Inheritance
- The English cover of Inheritance, featuring the green dragon Fírnen
- Author: Christopher Paolini
- Cover artist: John Jude Palencar
- Language: English
- Series: The Inheritance Cycle
- Release number: 4
- Genre: Fantasy
- Publisher: Alfred A. Knopf
- Publication date: November 8, 2011
- Publication place: United States
- Media type: Print (hardcover and paperback), audiobook, and e-book
- Pages: 860
- ISBN: 978-0375856112
- Preceded by: Brisingr

= Inheritance (Paolini novel) =

2011 fantasy fiction novel by Christopher Paolini

Inheritance (or The Vault of Souls) is a 2011 fantasy fiction novel written by American author Christopher Paolini. It is the fourth and final novel in The Inheritance Cycle tetralogy.
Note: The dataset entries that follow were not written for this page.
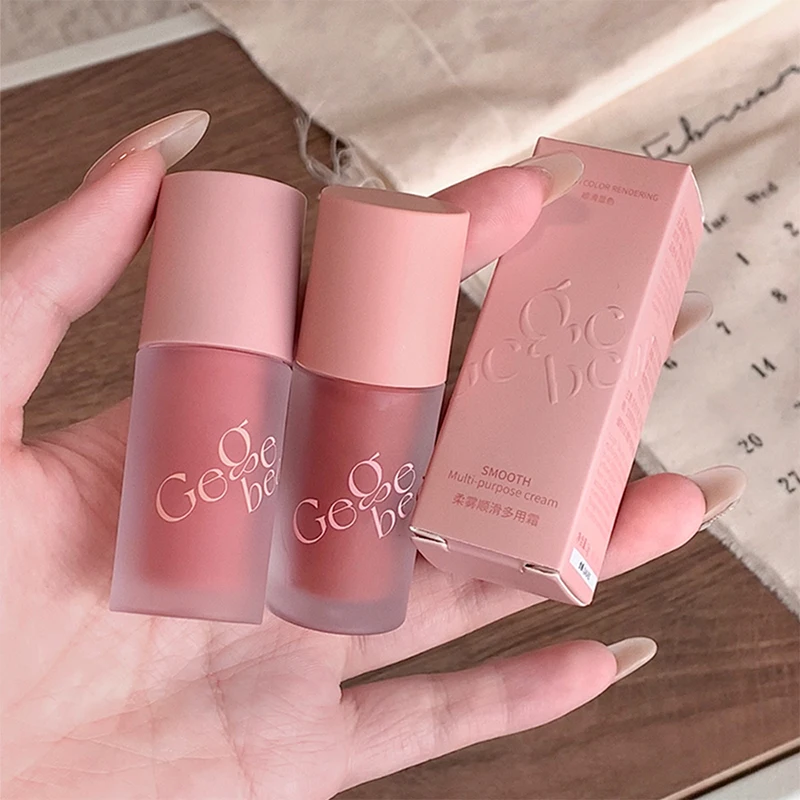 Gegebear-柔らかく滑らかなミスト,いくつかのクリーム,拡張するチーク,アイシャドウ,色あせない,ヌード,マット,ベルベット,唇の釉薬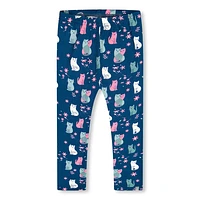 Cats Print Legging 3-6y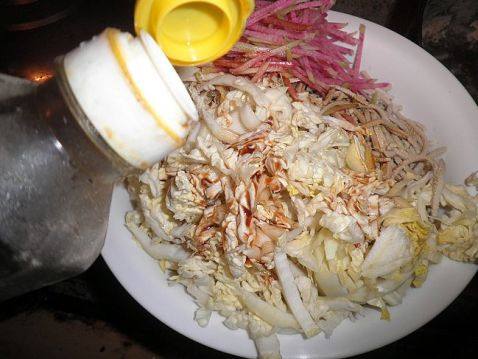白菜心拌豆腐丝步骤9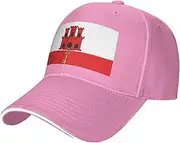 [SSIULUS] Flag of Gibraltar Casquette Cap Hats,Trucker,Baseball Cap with Snapback,Perfect for Summer,Golf
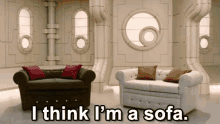 I Think I'M A Sofa - Hitchhiker'S Guide To The Galaxy GIF - Hitchhikers Guide To The Galaxy Dont Panic Ford Prefect GIFs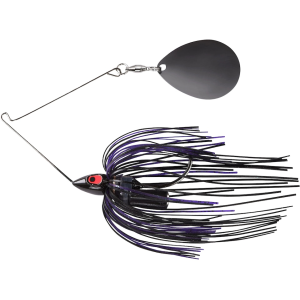 War Eagle Nickel Frame Painted Head Night Time Single Colorado Spinnerbait 1/2oz Black Purple Black Nickel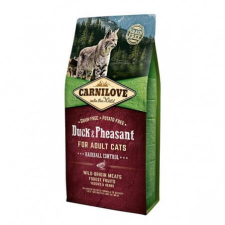 Carnilove Cat Adult Duck&Pheasant – Kacsa&Fácán – Hairball Control – 2 kg macskaeledel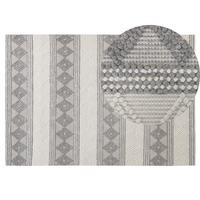 KURZFLOR-TEPPICH Bozova 200/140 cm - Beige, Textil (140/200cm) - Beliani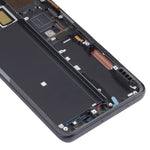 AMOLED LCD Screen and Digitizer Full Assembly with Frame for Xiaomi Mi Note 10 Lite M2002F4LG, For Xiaomi Mi Note 10 Lite (AMOLED)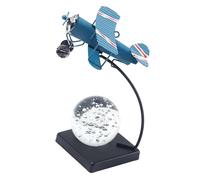 MagiDeal Airplane Model Desktop Ornament Professional Birthday Gifts Decoration Plane Statue for Cabinet Living Room Desktop Cafe Home, Blue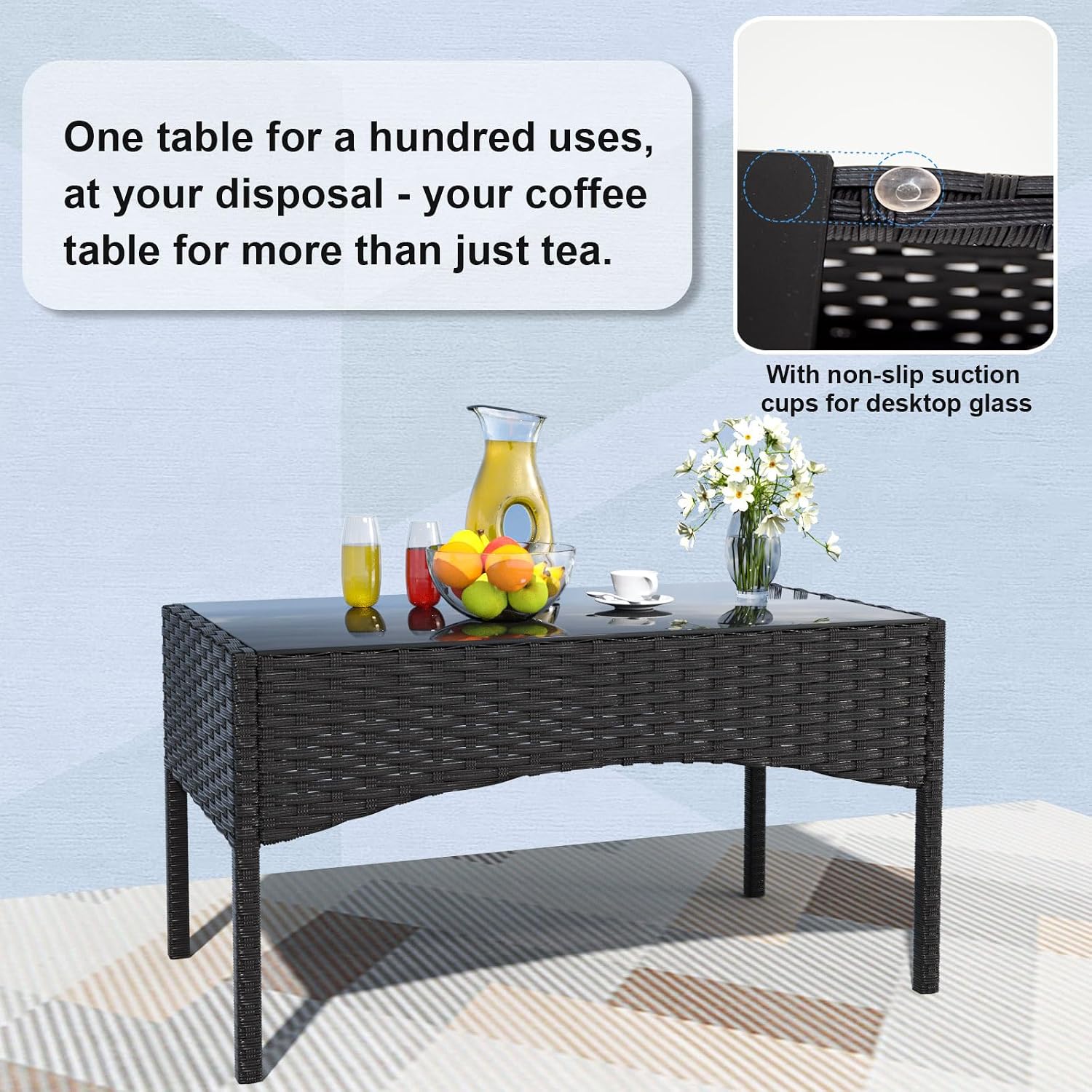 8 Pieces Patio Furniture Set,  - Outdoor Furniture Metal Chairs review and price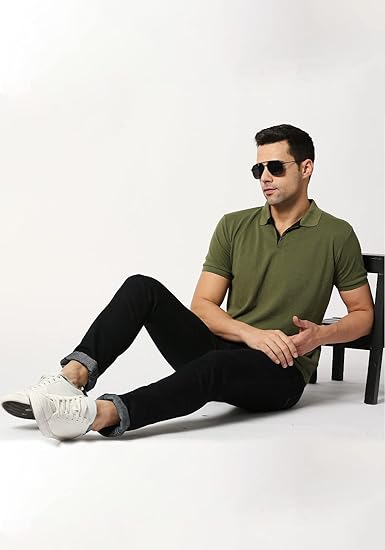 Men’s Clean-Cut Polo Tees - Tops and Bottoms USA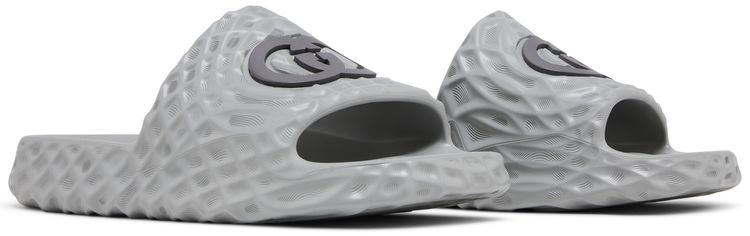 Gucci Slide Sandal Interlocking G   Grey Water Ripples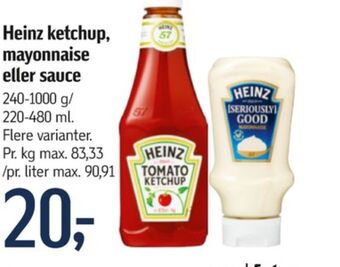 Føtex Heinz ketchup tilbud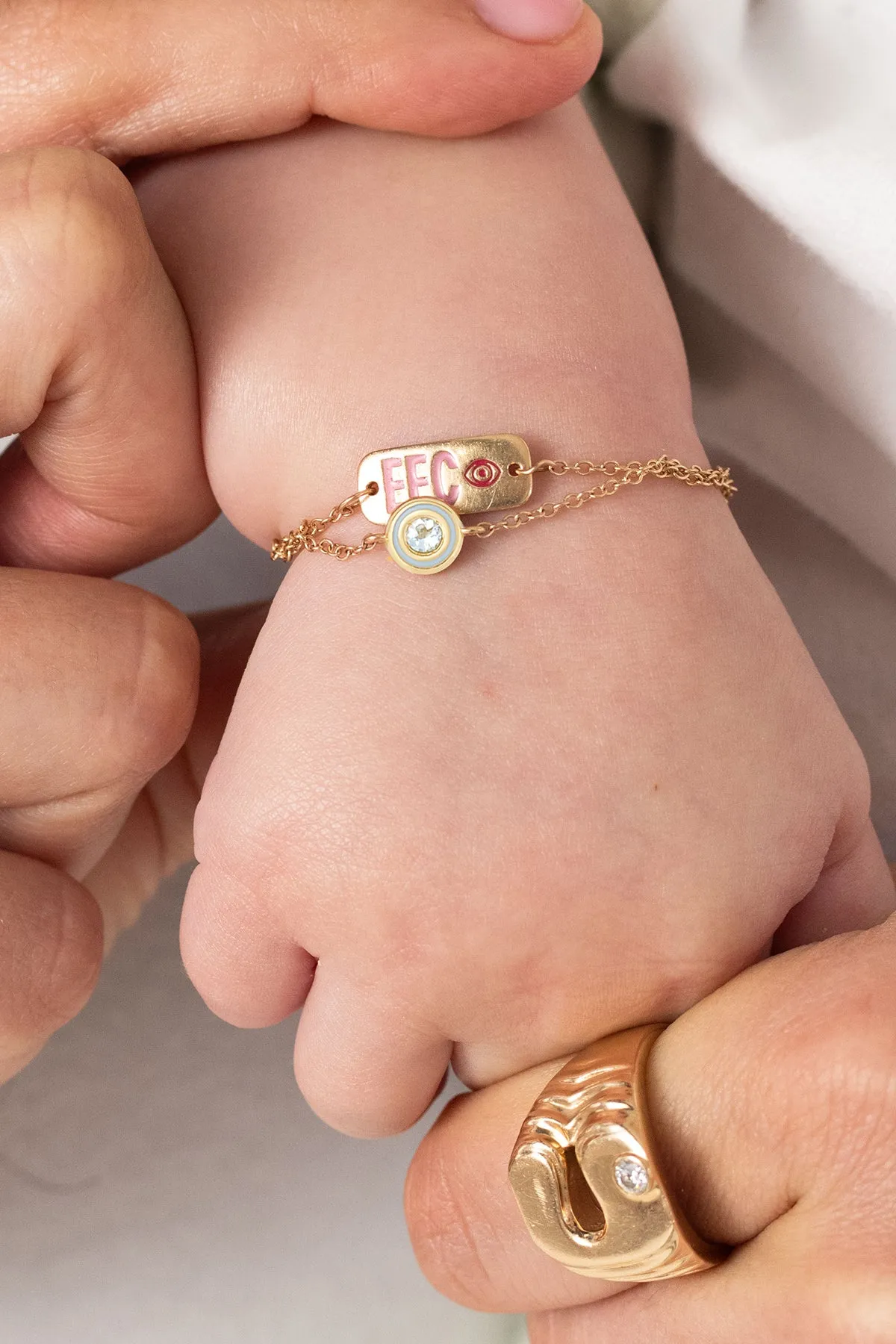 Baby Enamel ID Bracelet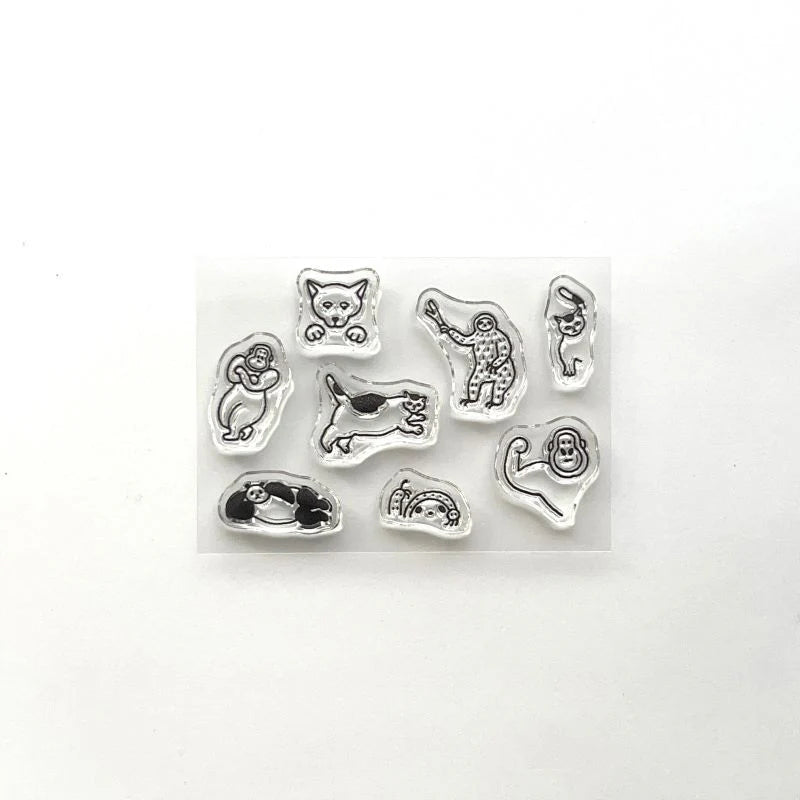 MIZUSHIMA Jizai Clear Stamp Log Techo Mori-age Tai 02
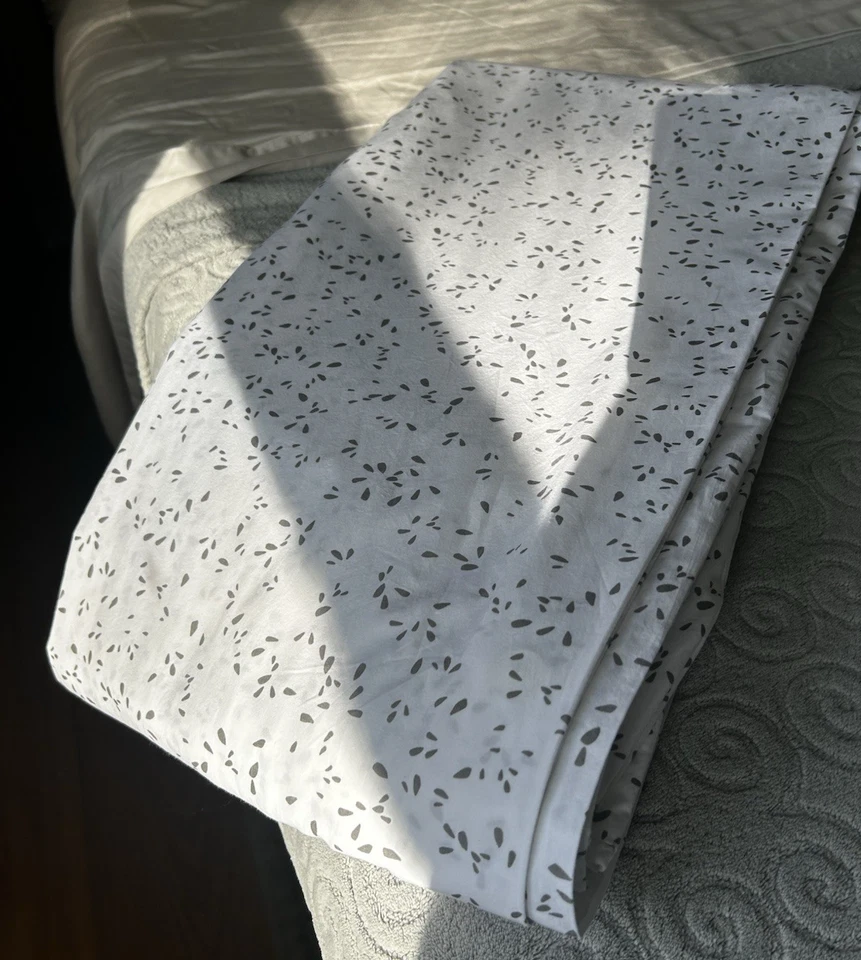 Funda nórdica Cajón y barril completa/queen - blanca y gris Foto 2 de 4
The Inheritance Cycle was originally intended to be a trilogy, but Paolini has stated that during writing, the length of the third book, Brisingr, grew, and the book was split into two parts to be published separately. Because of this, many plot elements originally intended for Brisingr are in Inheritance.

Since the release of Inheritance, Paolini has expressed his interest in expanding upon Alagaësia and the Inheritance Cycle. In an interview, he talked about a potential "book five", a prequel centering on Brom, and said that he has planned "around seven more stories set in Alagaësia—and one of those is in fact a series."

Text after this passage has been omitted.